TASK DIRECTIONS: Return the lines of the listing below exactly as they appear, beginning at the one with "All Bushies Players" and stopping after the one with "Dianthus caryophyllus var schabaud"; do not include pictures.

INPUT RECORDS:

++++++++++++++++++++

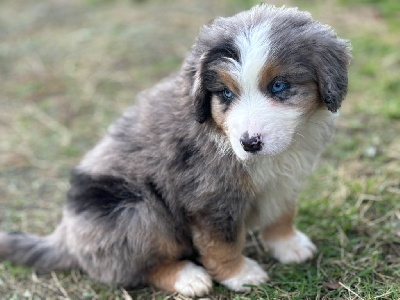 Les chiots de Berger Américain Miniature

++++++++++++++++++++

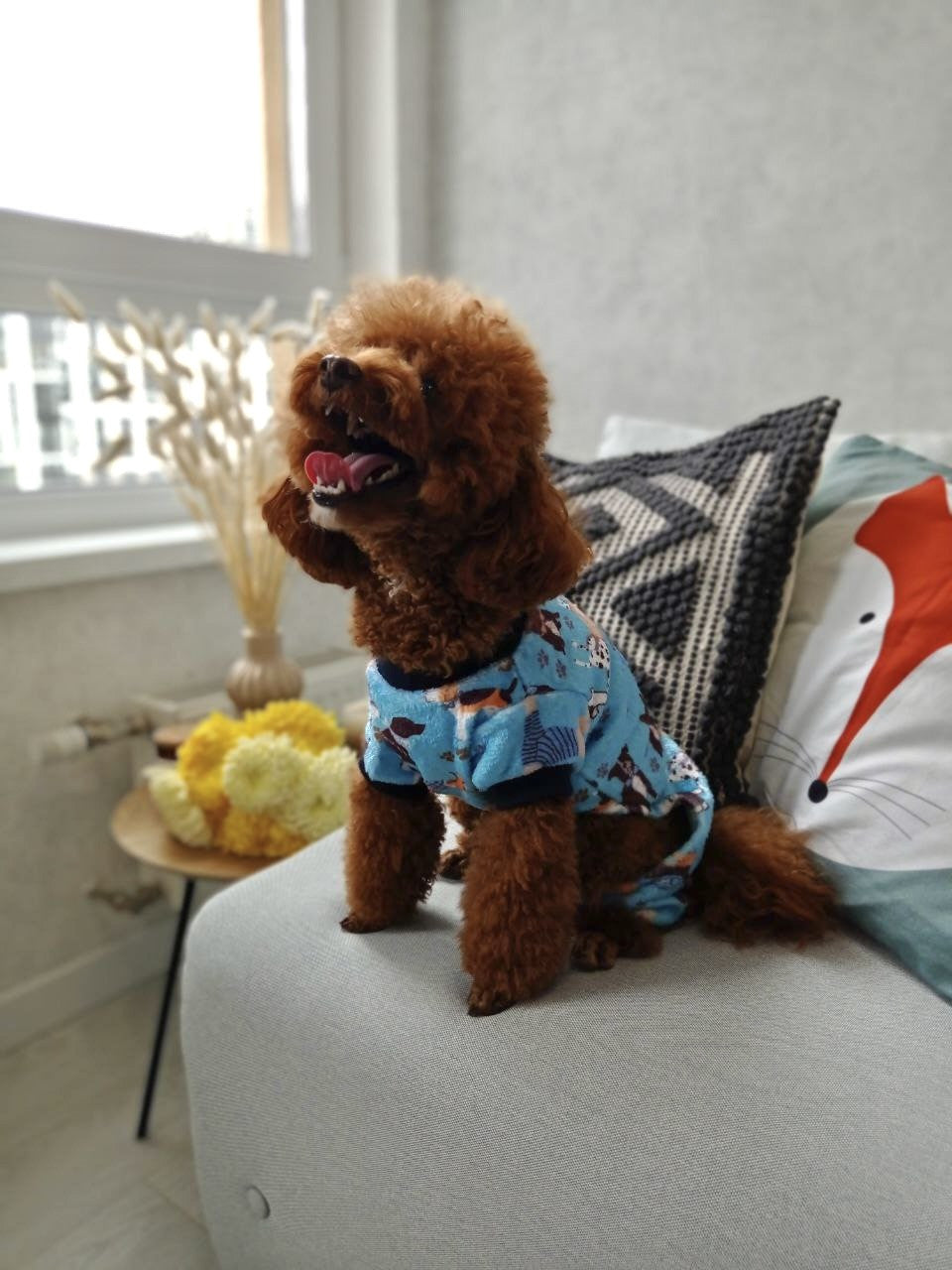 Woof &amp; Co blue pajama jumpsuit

++++++++++++++++++++

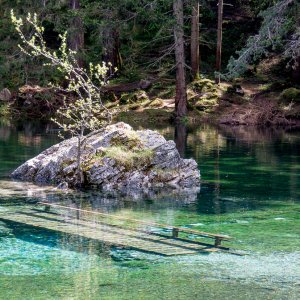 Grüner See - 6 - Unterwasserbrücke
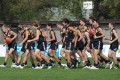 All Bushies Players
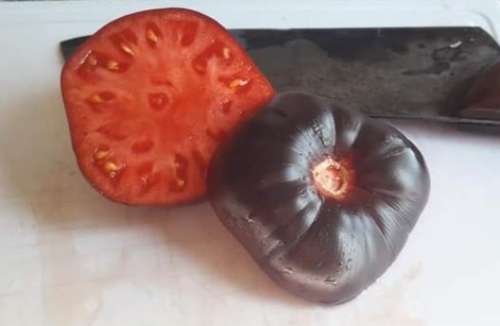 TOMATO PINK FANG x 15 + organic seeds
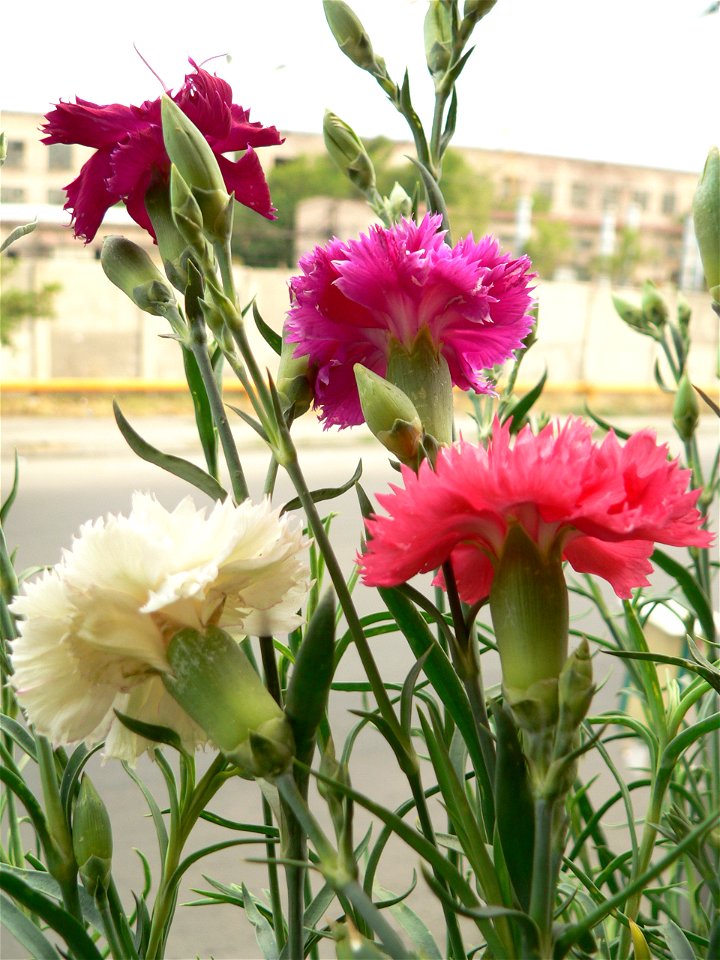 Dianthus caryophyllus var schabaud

++++++++++++++++++++

ANSWER TO THIS PROBLEM:
 All Bushies Players
 TOMATO PINK FANG x 15 + organic seeds
 Dianthus caryophyllus var schabaud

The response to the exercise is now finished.